Un Premier ministre en chef de guerre, donc, alors que s’ouvre un printemps social agité pour le gouvernement -grogne des fonctionnaires, des cheminots, des retraités, 80 km/h, etc.-, sans parler de l’opposition qui pilonne la majorité matin, midi et soir dans les médias.
« Wauquiez n’est peut-être pas crédible quand il nous oppose à la France rurale et quand il prétend qu’Emmanuel Macron aurait un fonctionnement totalitaire. Il n’empêche qu’à force de taper comme un sourd, il en reste quelque chose dans l’opinion », marmonne un député LREM, agacé par la faiblesse de la riposte dans son camp. « Wauquiez, on ne l’a peut-être pas assez pris au sérieux », concède une autre parlementaire.
Depuis quelques jours, l’examen de conscience est en cours au plus haut sommet de l’État. « On n’a pas forcément pris la juste mesure de la colère qui montait », admet le collaborateur d’un ministre, qui reproche à sa majorité de parler souvent « un langage trop technique, et pas assez politique ».
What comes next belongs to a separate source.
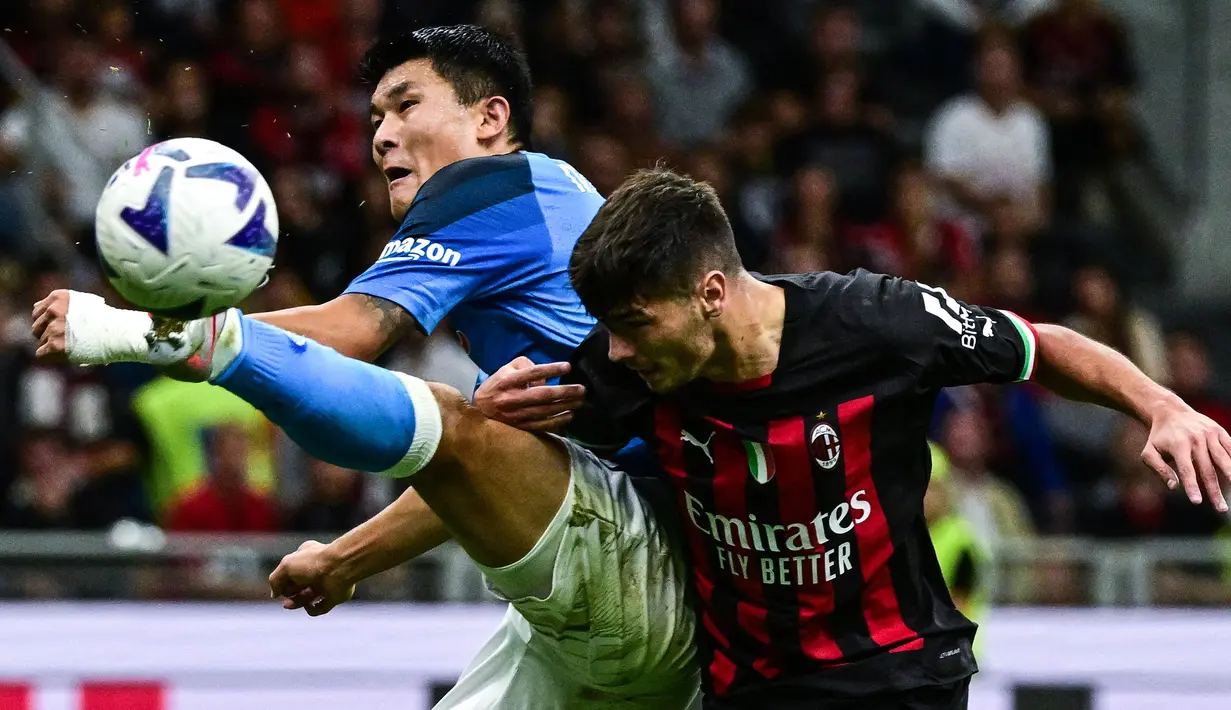 Kim Min Jae langsung nyetel dengan permainan Napoli sejak didatangkan dari Fenerbahce pada musim panas 2022 ini. Ia diboyong dengan harga 20 juta euro. Pria asal Korea Selatan itu berhasil diandalkan sebagai pemain bertahan di skuad Partenopei. Sejauh ini, Kim Min Jae telah mencatatkan 10 penampilan dengan mencetak 2 gol di Liga Italia. (AFP/Miguel Medina)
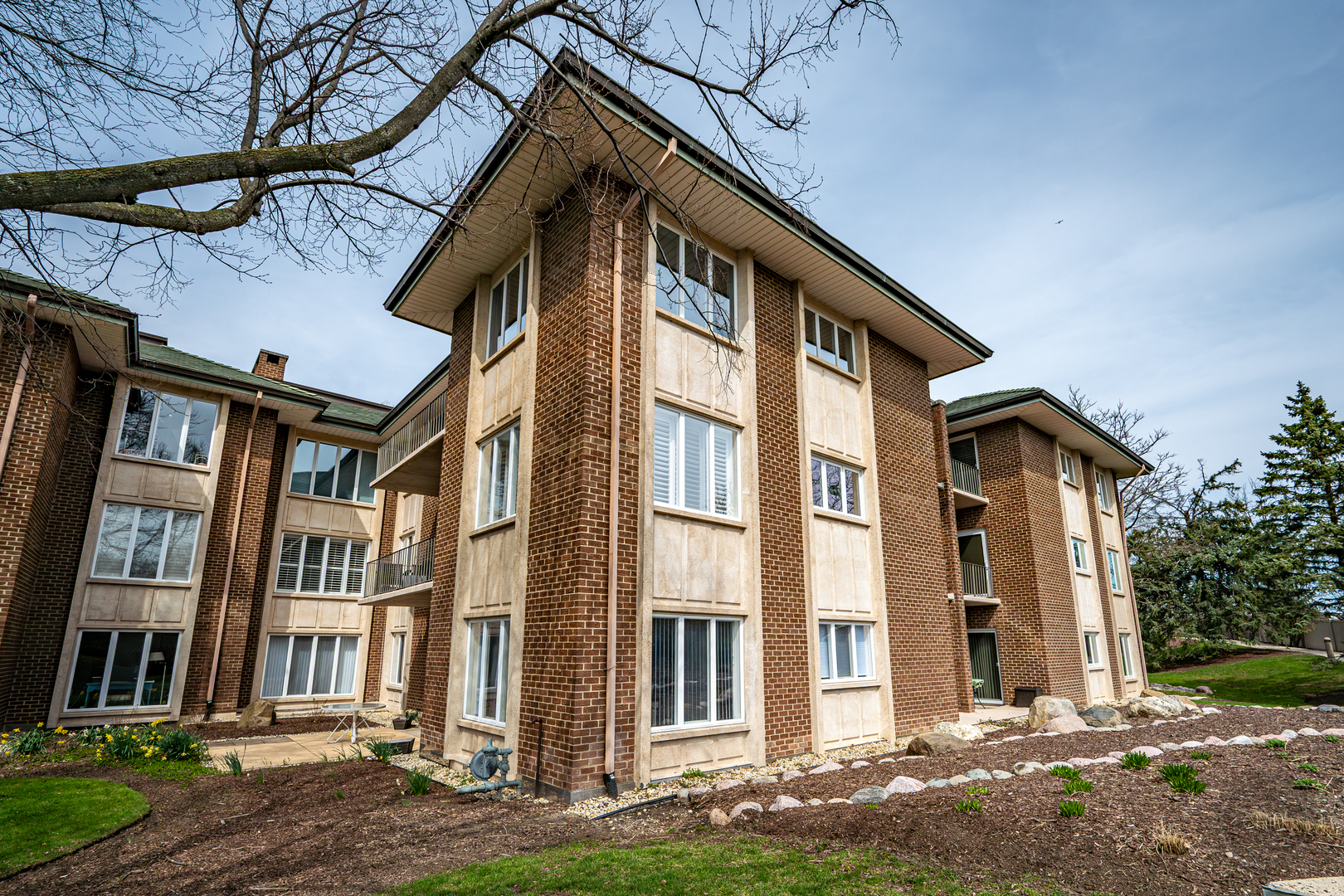 4 Oak Brook Club Drive Oak Brook IL 60523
Un gouvernement de techniciens… qu’assume paradoxalement Matignon : « Est-ce qu’on gagnerait à avoir des ministres très politiques ? J’en doute, décrypte un proche d’Édouard Philippe. Si on avait des Jean-François Copé dans la nouvelle génération, les journalistes seraient peut-être contents, mais on perdrait immédiatement des points dans l’opinion. » Et de trancher : « Le style de ce gouvernement, c’est d’avoir des experts dans leurs domaines, comme un médecin à la Santé (Buzyn), un enseignant à l’Éducation nationale (Blanquer), ou une magistrate à la Justice (Belloubet). Si demain ils se mettaient à défendre tous les sujets, ils perdraient une partie de ce qui fait leur force. »
Des parlementaires « trop fébriles » Des experts plutôt que des snipers… La logique trouve toutefois ses limites. Car, lorsque le vent se lève, les bateleurs et autres cogneurs se comptent sur les doigts de la main : Gérald Darmanin, Christophe Castaner, Benjamin Griveaux, Bruno Le Maire, Gérard Collomb ou encore Marlène Schiappa… Difficile dans ces conditions de muscler son jeu. « Mais c’est aux parlementaires de monter au charbon ! » renvoie Matignon.
À ce stade, ils ne sont qu’une poignée à assurer le service après-vente dans les médias. Essentiellement des élus franciliens, comme Olivia Grégoire, Amélie de Montchalin, Stanislas Guérini, Hugues Renson ou Gabriel Attal. « Pour le reste, il y a des parlementaires qui sont encore trop fébriles. Qui ont du mal à assumer nos réformes sur le terrain », reconnaît un conseiller gouvernemental.
Édouard Philippe s’est donc mis en tête d’accompagner ces nouveaux venus dans l’arène politique. « On est dans la logique d’aider les parlementaires le plus possible », reconnaît un de ses lieutenants.